3. Composite Scoring

We don't just return the "nearest neighbor." We return the most useful memory.

Score = Relevance * (1 + Recency_Boost + Importance_Boost)

This ensures high-relevance memories always win, but recent and critical memories get the nudge they need to surface.

4. Enterprise Multi-Tenancy

Built for SaaS from day one.

  • App Level: Physical isolation (separate collections).
  • User Level: Logical isolation (metadata filtering).
  • Session Level: Conversation grouping.

Supported Backends

Switch providers by changing OMNI_MEMORY_PROVIDER. No code changes required.

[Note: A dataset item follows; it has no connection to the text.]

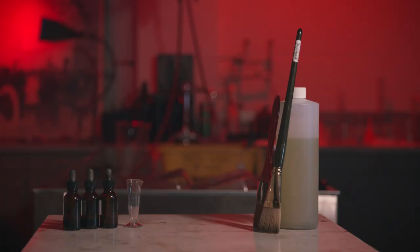If you'd like to learn more about making your own platinum prints or other historic and alternative printing processes, then join us in the Eastman Museum Darkroom.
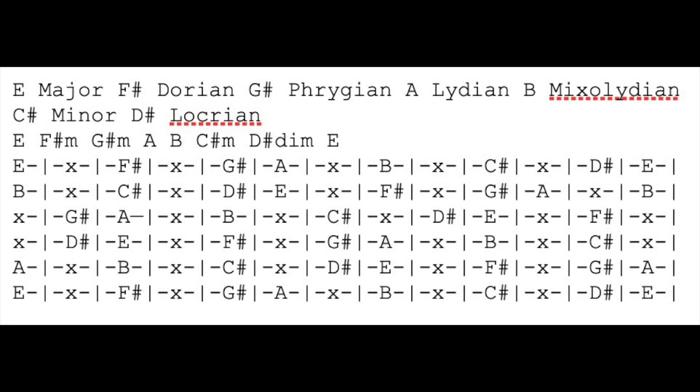Just going all up and down the fretboard, starting at your different points to get the different modes: major, Dorian, Phrygian, Lydian, Mixolydian, C sharp minor, and D sharp Locrian.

Provider Env Value Best For
Qdrant qdrant-remote Production default. High performance, rich filtering
ChromaDB chromadb-remote Simple deployments, local development
PostgreSQL postgresql Teams already using Postgres (via pgvector)
MongoDB mongodb Atlas users needing vector search + document store

When to Use: API vs SDK

Use the REST API Server (Recommended for Production)

Why: Language-agnostic. Works with any programming language (Node.js, Go, Rust, Java, PHP, etc.)

Best For:

  • ✅ Production deployments
  • ✅ Multi-language teams
  • ✅ Microservices architectures
  • ✅ Need built-in metrics, health checks, connection pooling

Use the Python SDK (Dev/Prototyping)

Why: Direct Python integration for rapid testing

Best For:

  • ✅ Python-only agents
  • ✅ Local development and testing
  • ✅ Prototyping memory operations

Quick Start

TL;DR: Want to see it in action immediately?

# Run the complete Customer Support Agent example
python examples/complete_sdk_example.py

1. Install

uv add omnimemory
# or
pip install omnimemory

2. Configure

Create a .env file (templates in examples/env/):

# LLM & Embeddings
LLM_API_KEY=sk-...
LLM_PROVIDER=openai
EMBEDDING_API_KEY=sk-...
EMBEDDING_PROVIDER=openai

# Vector DB (Choose one: qdrant, chromadb, postgresql, mongodb)
OMNI_MEMORY_PROVIDER=qdrant-remote
QDRANT_HOST=localhost
QDRANT_PORT=6333

3. Run (Choose Your Backend)

Start the vector DB and API server:

Qdrant (Production Default - High Performance)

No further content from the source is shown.